Morrer não é fácil...

Nos raros momentos de cisão em minha vida, tento manter uma normalidade comportamental, quase estudada. Confesso que é difícil. Não observo a existência sob o mesmo prisma dos que me cercam. Não digo que seja melhor ou pior, não sei, apenas diferente creio.

Temos uma imensa dificuldade de traçar fronteiras do pior ou nos inspirar os afagos do melhor, do sonho, da beleza daquilo capaz de encantar ainda que seja por um breve instante, brilho de estrela... um breve instante é tudo que temos na vida.

Então, lá estava eu no enterro da minha vó. Decididamente morrer é foda, de qualquer jeito que aconteça. Lidamos muito mal com a morte, porque lidamos muito mal com a vida. Então esse drama feito de desenlace, é sempre fulminado e nos coloca a prova.

Cheguei ao velório muito tranquilo, olhei bem o corpo de minha vó ali estendido na urna... um corpo vazio... a forma que perdeu complemente o sentido de ser ali... a roupa gasta que a velhice consome e que a morte liberta. Mais uma vez... afinal que é o melhor?

Olhei-a bem... ela parecia tranquila... parecia dormir suavemente. Uns consolavam os outros, e eu era um ET ali. Ninguém conversava muito comigo. Temem alguma coisa, temem a minha estranheza, temem o que desconhecem.

Mas vesti a minha capa de simpatia emulada, em plasma de emoções diletantes do momento. A fragilidade, a dor, as lagrimas e por detrás o sentimento que um dia será sua vez... sabe-se lá quando? É isso que as pessoas se cagam de medo... é isso... puta que pariu pensam... quando será a minha vez ? Afinal, a morte não tem compromisso com nada... nem idade... nem cor... nem sexo... nem condições financeiras... é isso morre-se.

Meus tios conversavam fora da sala de velório, um assunto instigante: onde se pode conseguir um bom cabrito assado? Ou então capincho? Uma boa carne de tatu? E então javali? Sim... javali é feroz, ataca em grupo, bicho filho da puta...

Tudo isso entre risadas. De certa forma aquilo me fez sentir a vontade... bom saber que existem outras pessoas sem noção por aí... me tornei muito simpático. Naquele instante o funeral converteu-se em algo em um evento.

Parentes desconhecidos chegaram... e creio que esta foi a parte melhor. Tenho parentes que não conheço, belas mulheres alias, vestidas sobriamente, negras lindas com bundas fantásticas. Sou um bundófilo profissional como já me batizaram. Pensei em tirar um foto, mas devido as circunstancias, achei que não seria possível. Seria bizarro demais ?

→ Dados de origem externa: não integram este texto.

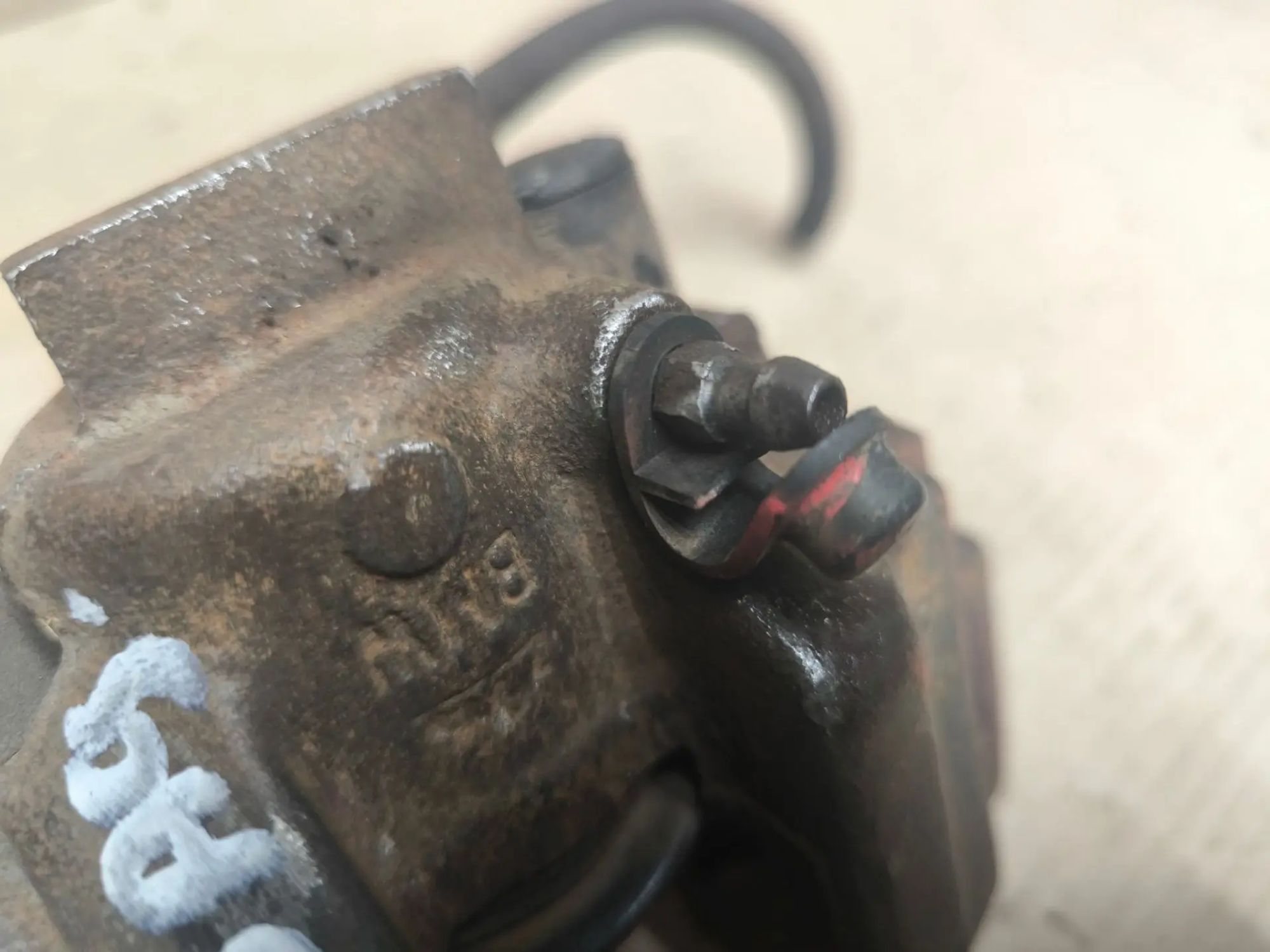 https://ycs.partsauto.market/partsauto-images/thmbs/userImages/d89d66a30f14dbad161fb7a986aa0fe5/part/699259a3-f8c6-492a-b007-ee838d97a195_1783525770855.jpg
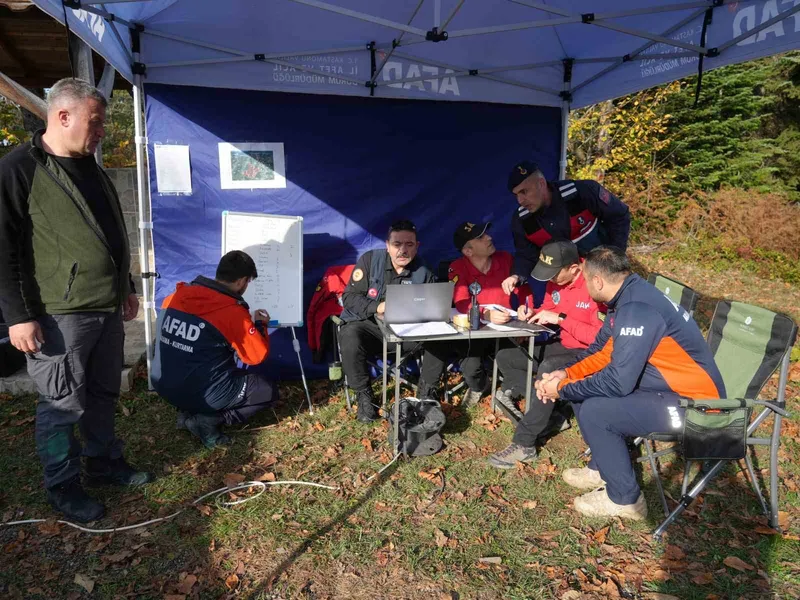 Kastamonu’da kayıp anne ile oğlunu arama çalışmalarına devam ediliyor
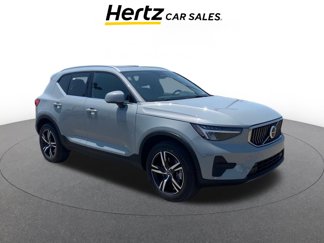 Used 2024 Volvo XC40 B5 Core image 1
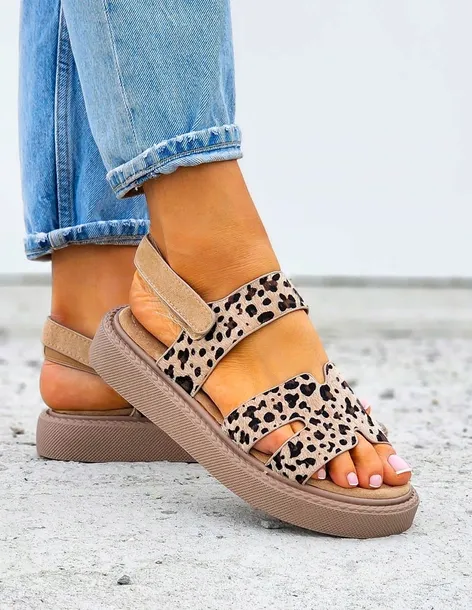 sandaly-na-platformie-harmes-boho-w-latki-40-marka-aga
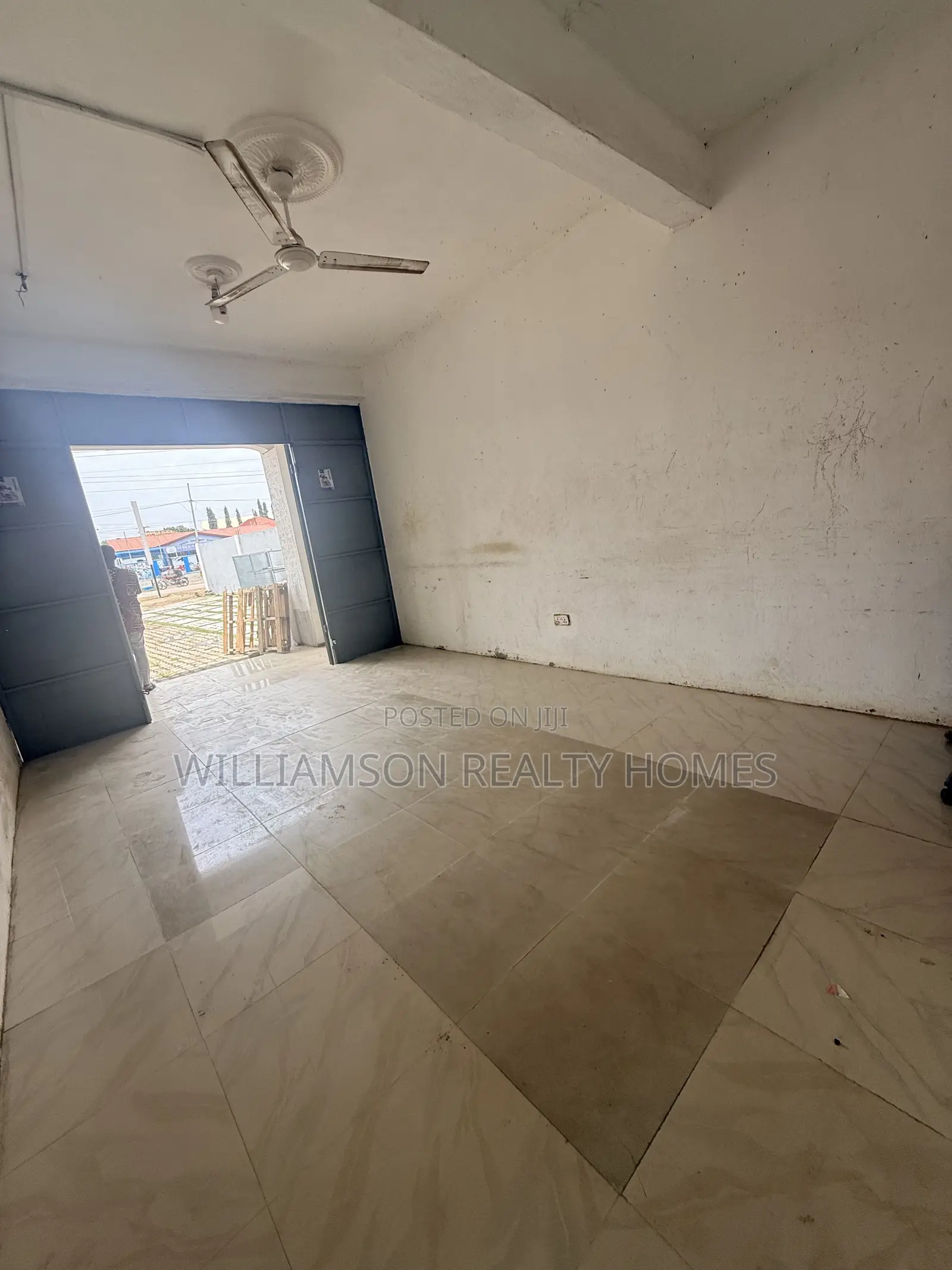 Downstairs, Road Side Shop/Store/Office Space/Showrm/Warehouse,spintex
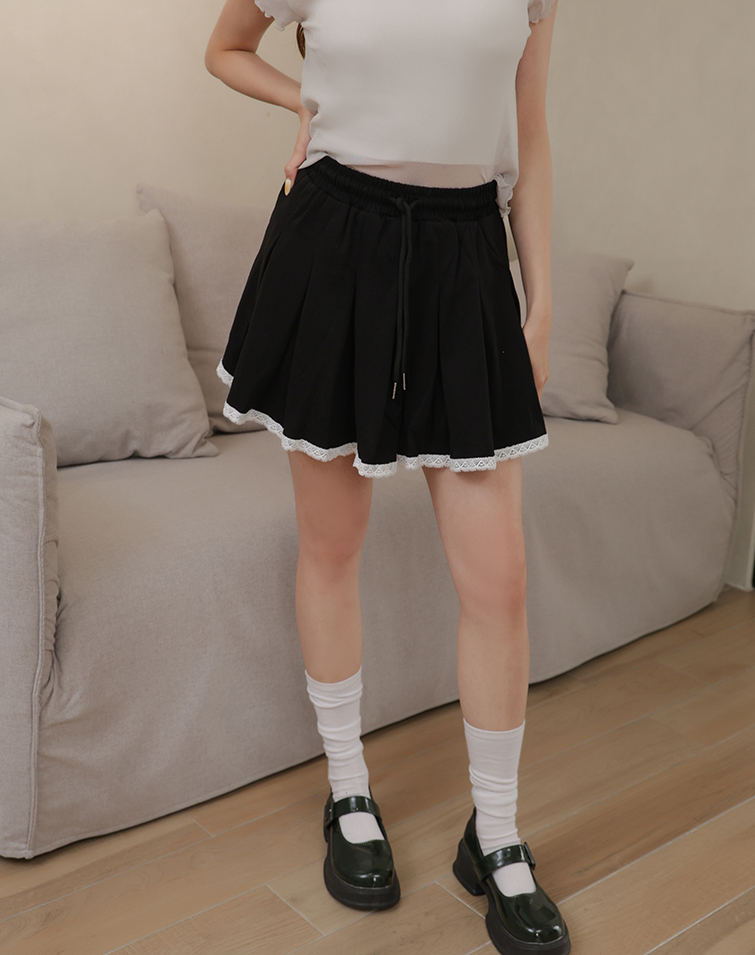 ELEGANT LACE WAISTED PLEATED SKIRT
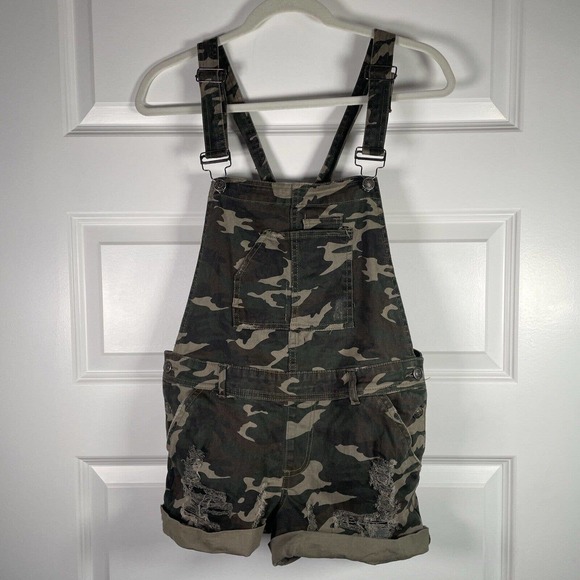 Almost Famous Bib Overall Shorts 9 Green Tan Camo Denim Distressed Shortall - Picture 1 of 8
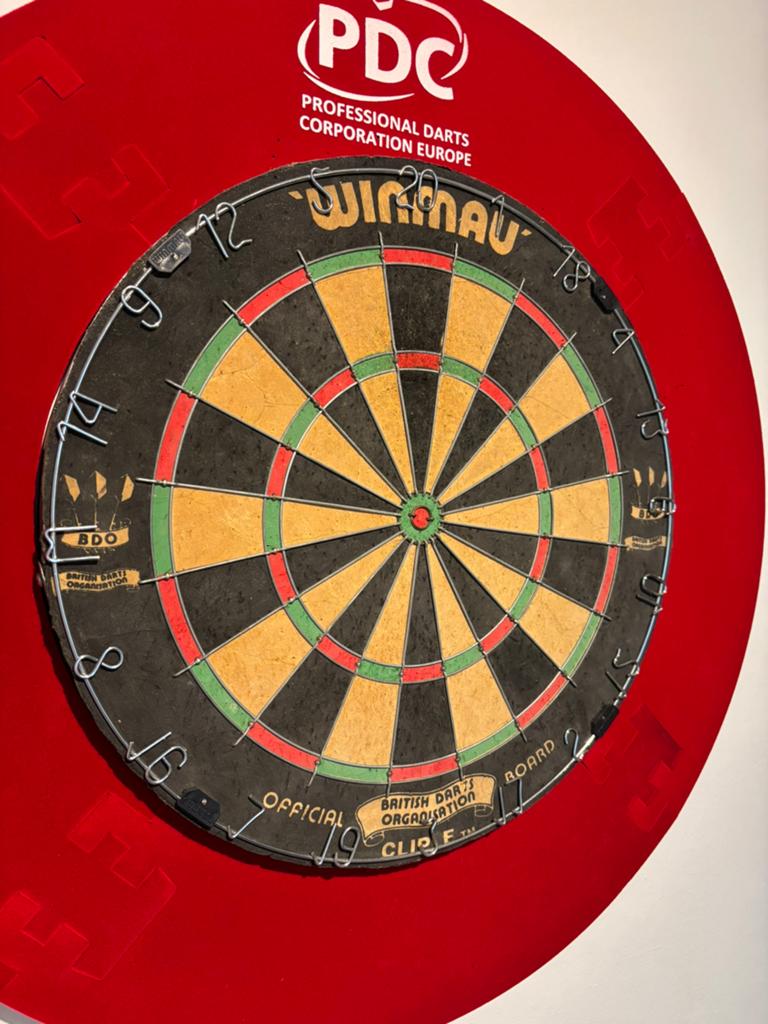 Winmau dartbord incl. ring en ophanging, Ophalen, Zo goed als nieuw, Dartbord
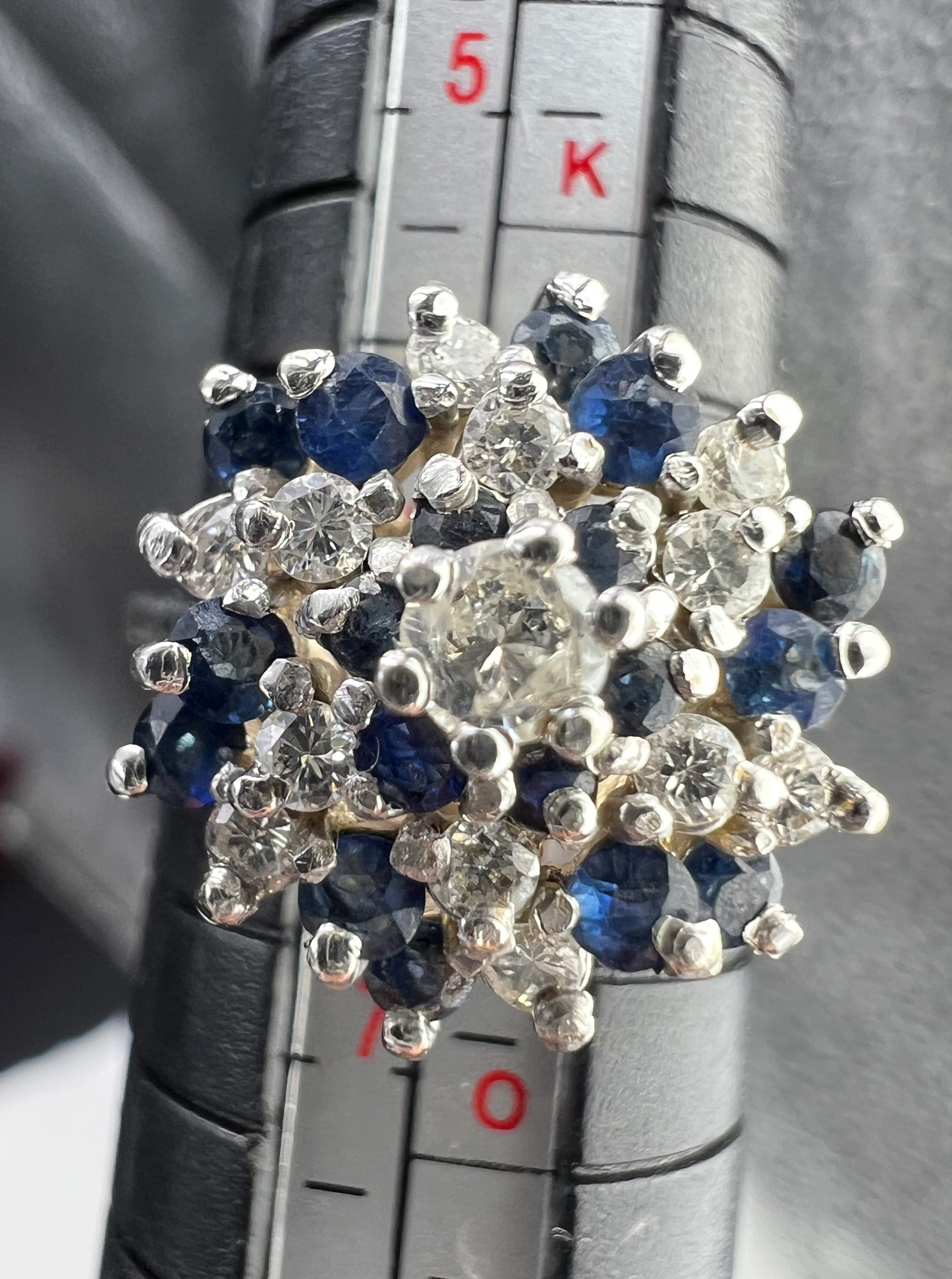 Ladies' ring. 585 white gold with diamonds and sapphires. - Image 6 of 7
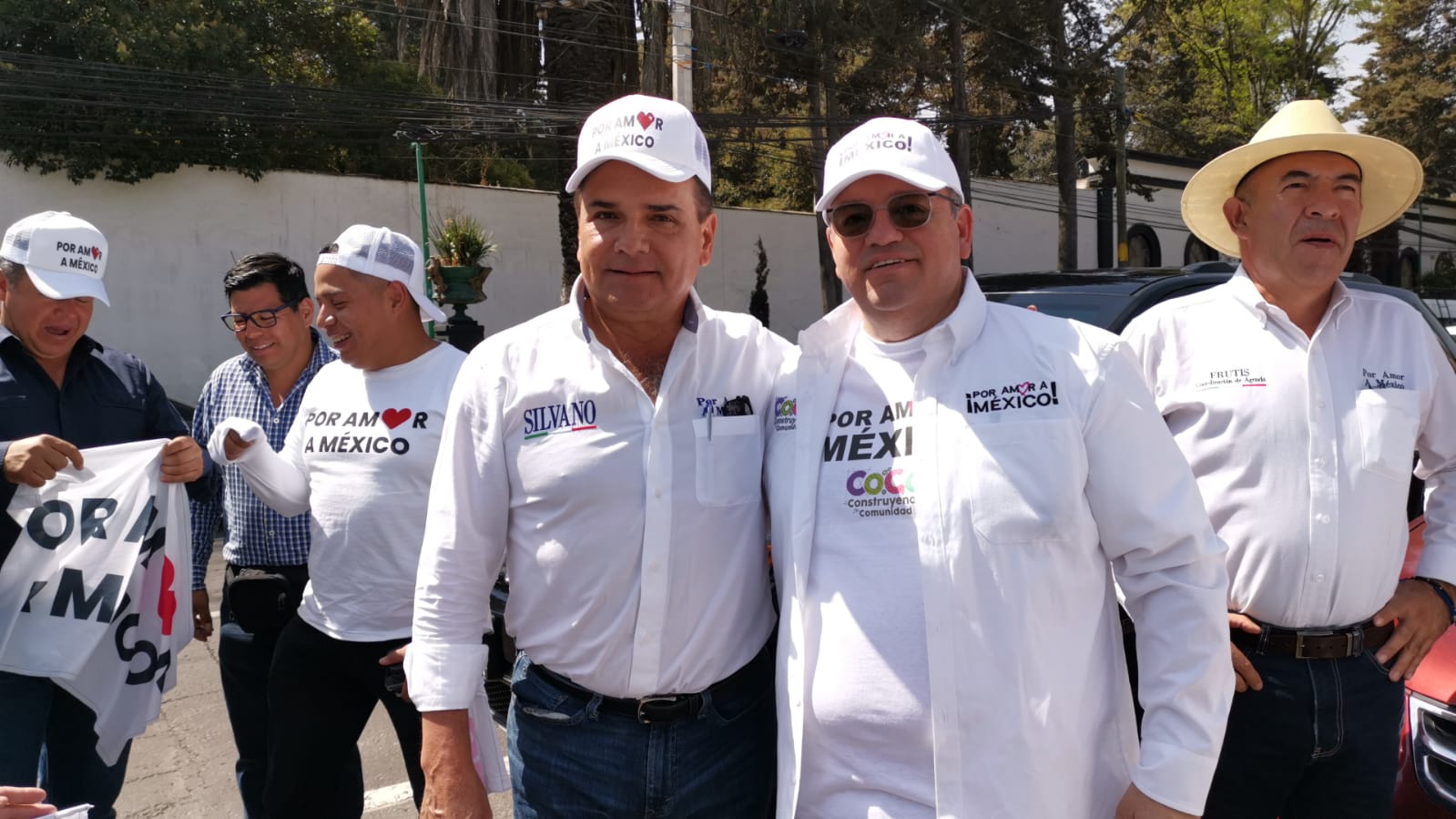 Silvano Aureoles, Alberto Capella, Javier Rivera, Toño García, Guadalupe Aguilera, marchan por el INE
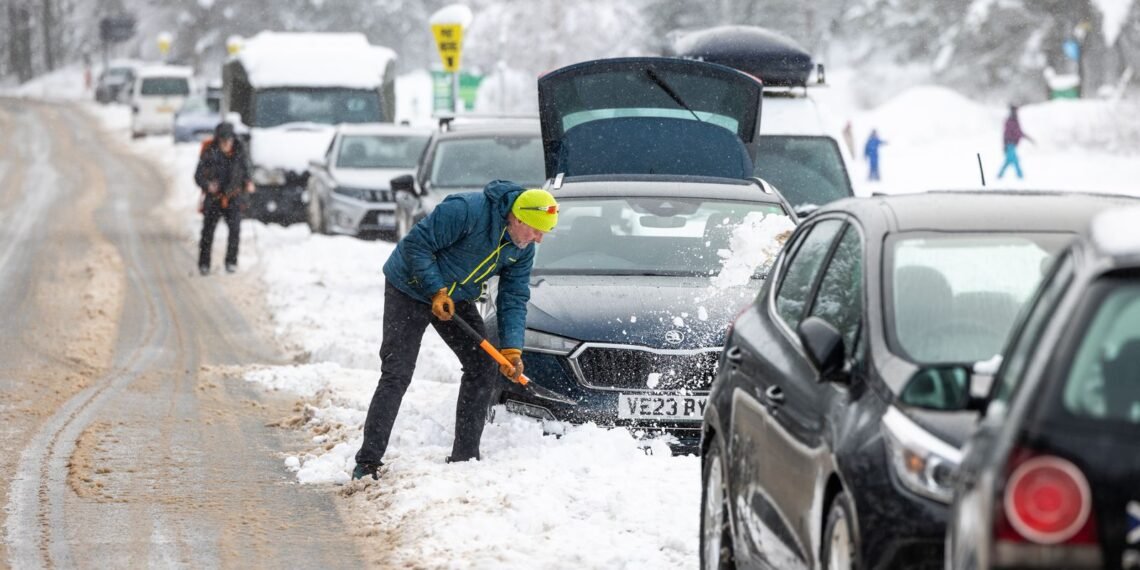 Storm Goretti Brings Snow Warnings Across Britain, Up to 30cm Expected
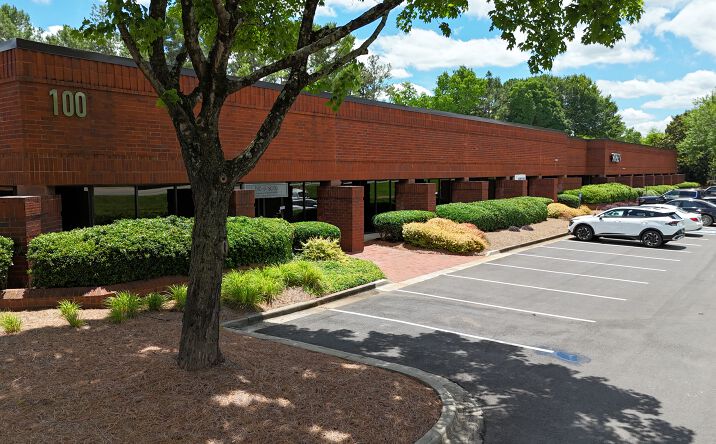 Pictures of Office, Industrial property located at 5600 Oakbrook Parkway, Norcross, GA 30093 for lease - image #1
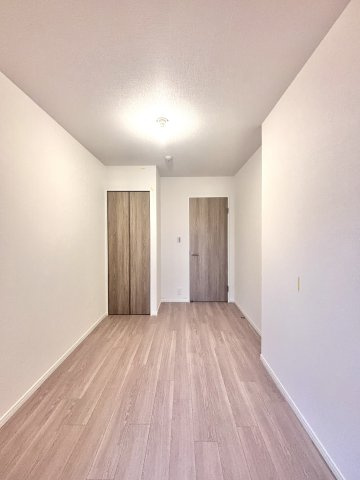 阪急日生ニュータウン花咲く丘の街D棟の洋室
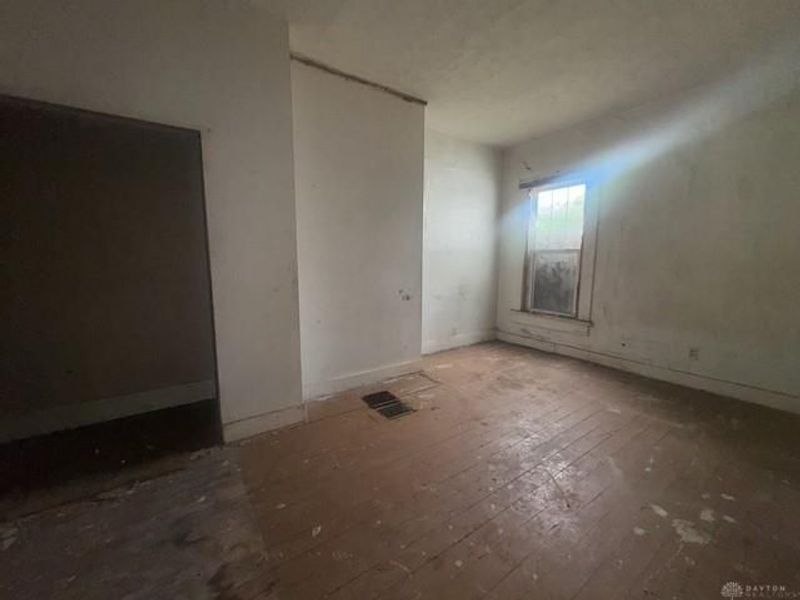100 Boltin Street, Dayton, OH 45403 Photo 4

Era melhor evitar uma falta de respeito explicita. O ser humano é estranho. Ali no lado de fora, todo falavam todo o tipo de merda, até que finalmente o assunto derivou para mulheres. Temos este misto de um respeito adquirido, como um molde deformado de uma realidade imposta, porem em nossas entranhas mais profundas somos muitas vezes bem diferentes. Ainda bem que não somos telepadas. Ler a mente alheia seria uma merda, existem pensamentos que disfarçamos até mesmo de nós mesmos... mas que quando solitários em nossa câmara de desejos e fracassos, não temos o menor pudor de pensar em detalhes.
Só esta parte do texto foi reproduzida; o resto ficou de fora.